» **Exercise input**
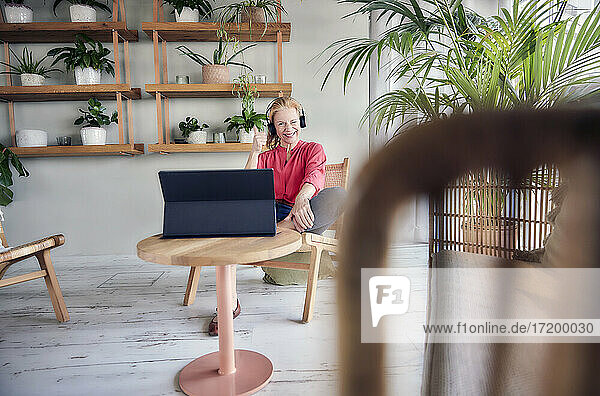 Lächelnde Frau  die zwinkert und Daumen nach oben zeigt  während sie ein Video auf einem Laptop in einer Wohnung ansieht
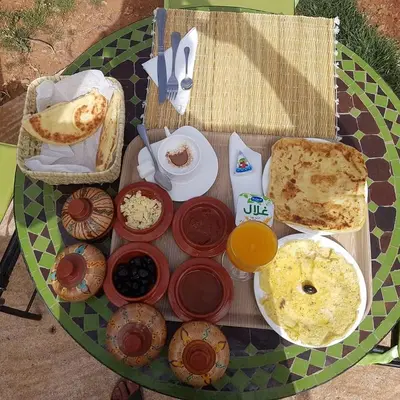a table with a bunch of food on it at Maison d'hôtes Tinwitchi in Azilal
* * *
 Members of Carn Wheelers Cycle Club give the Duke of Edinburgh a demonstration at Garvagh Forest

» **Work instruction**
A clean copy is needed of the lines above from the one with "einer Wohnung ansieht" up to and including the one with "a table with". Please set it down exactly, with no pictures.

» **Task answer**
 Lächelnde Frau  die zwinkert und Daumen nach oben zeigt  während sie ein Video auf einem Laptop in einer Wohnung ansieht
a table with a bunch of food on it at Maison d'hôtes Tinwitchi in Azilal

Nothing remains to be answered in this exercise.